Recommandations de la Cour des comptes
Face à cette situation préoccupante, la Cour des comptes formule plusieurs recommandations pour remédier aux retards et améliorer la gestion des projets liés à l’approvisionnement en eau :
– Accélérer la mise en œuvre des projets stratégiques et structurants, notamment en matière de barrages et de dessalement, afin d’assurer une gestion plus efficace des ressources en eau.
– Renforcer la coordination entre les différentes entités et acteurs impliqués dans la gestion des projets d’eau, notamment les ministères, les agences publiques et les entreprises privées.

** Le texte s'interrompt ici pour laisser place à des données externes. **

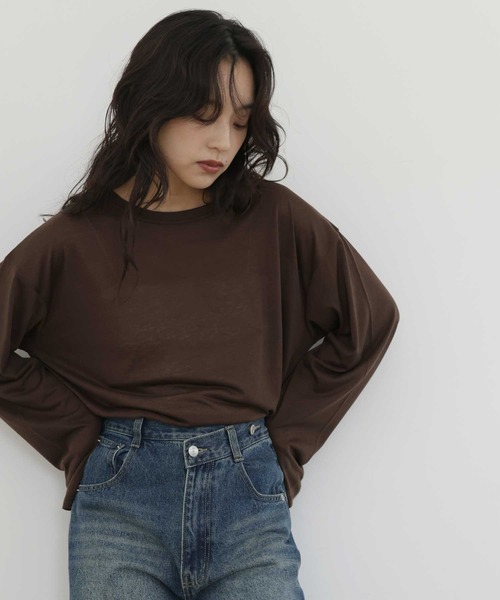 hellam home(へラムホーム)の「シアー クルーネックロングTシャツ(Tシャツ/カットソー・レディース・ブルー/ブラウン/ホワイト/ピンク・FREE)」の11枚目の写真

– Mettre en place des mécanismes d’évaluation et de suivi rigoureux, afin d’assurer une meilleure gestion et transparence dans l’exécution des projets.
– Élaborer des plans de gestion de la pénurie d’eau au niveau des régions les plus touchées, en s’assurant que la priorité soit donnée à l’approvisionnement en eau potable pour la population.
– Affecter les réserves d’eau disponibles aux programmes d’irrigation agricoles, en coordination avec le ministère de l’Agriculture, pour préserver les ressources en eau et garantir une gestion optimale.
En bref…
En bref, la Cour des comptes appelle à une mobilisation accrue et une gestion plus rigoureuse des projets d’approvisionnement en eau pour faire face à la crise croissante de la pénurie d’eau au Maroc. Le retard dans la réalisation des projets et les défis logistiques actuels soulignent la nécessité d’une réponse rapide, coordonnée et efficace pour garantir la sécurité en eau à long terme, tout en préservant l’accès des populations à cette ressource essentielle.